Finding the Election Connection
How to Keep Your Friends and Family through Election Day

“Wow, isn’t this the most intellectually invigorating presidential election?? I am so inspired by all of the tremendous ideas the candidates have for making the world a better place. I love how my friends and family are engaged and respecting each other’s opinions as we all work together for the common good.”

Said no one this election season – ever!

Why this election is different than any other is a subject we could debate all day. I like to think that as a community of country, we are in an important place of reassessing our values and vision for the world we want. It’s a critical negotiation, and deserves the kind of serious and thoughtful debate that our election system was once designed to stimulate.
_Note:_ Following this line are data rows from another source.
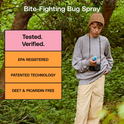 Mosquito & Tick Bug Spray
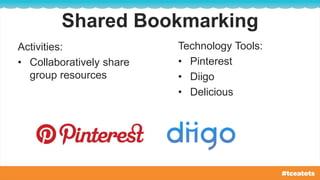 Shared Bookmarking
Activities:
• Collaboratively share
group resources
Technology Tools:
• Pinterest
• Diigo
• Delicious
 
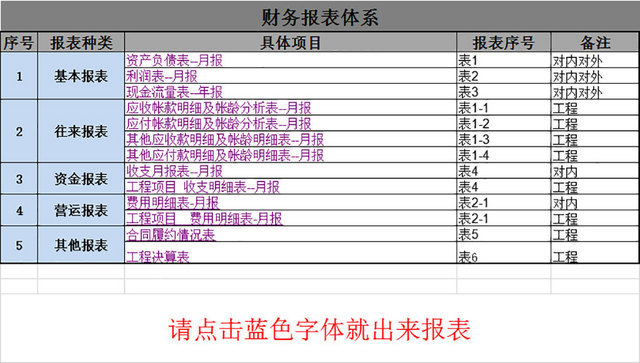 财务报表体系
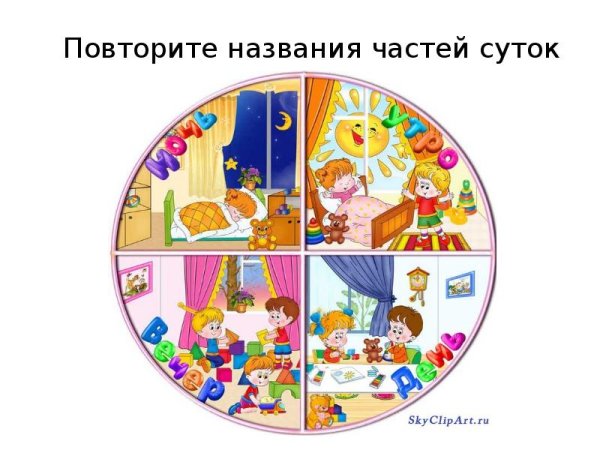 Части суток для детей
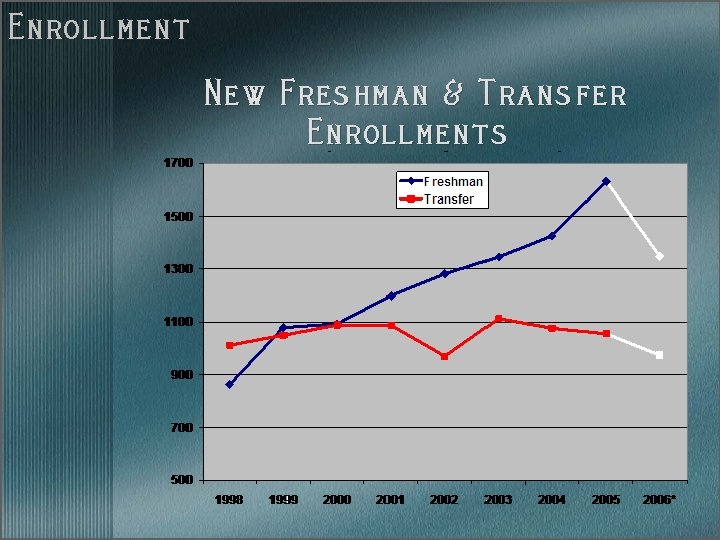 Enrollment New Freshman & Transfer Enrollments 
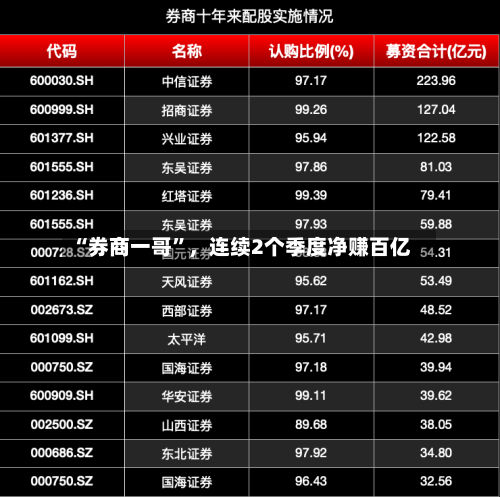 “券商一哥”，连续2个季度净赚百亿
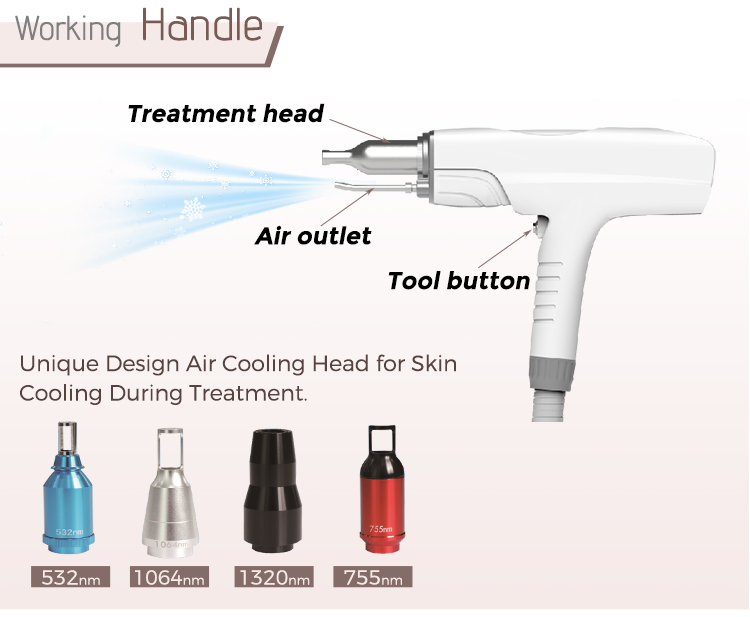 Fast results tattoo removal device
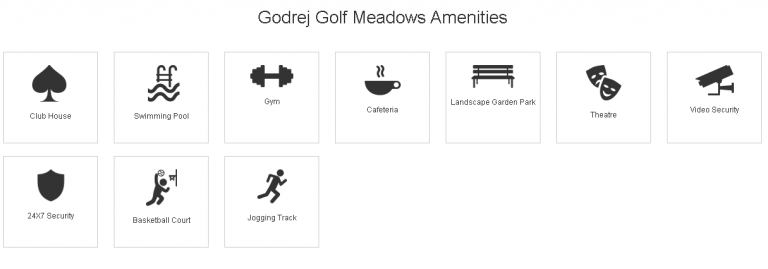 Godrej golf midows amenities 2bhk for sale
But instead, we are at odds, with our neighbors and with our families, as we navigate some of the most button-pressing issues of our time. Part of this is the way candidates campaign, trying to stir up strong emotion using all means possible to get you to vote with your emotion on Election Day. Part of it is the media, trying to balance everything to the extremes of conflict - there is always a “side” and you are inherently asked to pick one – no gray areas allowed. And part of it is our confusion about a changing world and our place in it, our feeling overwhelmed by the world’s problems, and our inherent need for the relief of these feelings in the form of a strong leader who can figure it out for us, and make the world okay.

It is a very interesting recipe that unfortunately seems to be dividing, rather than connecting us.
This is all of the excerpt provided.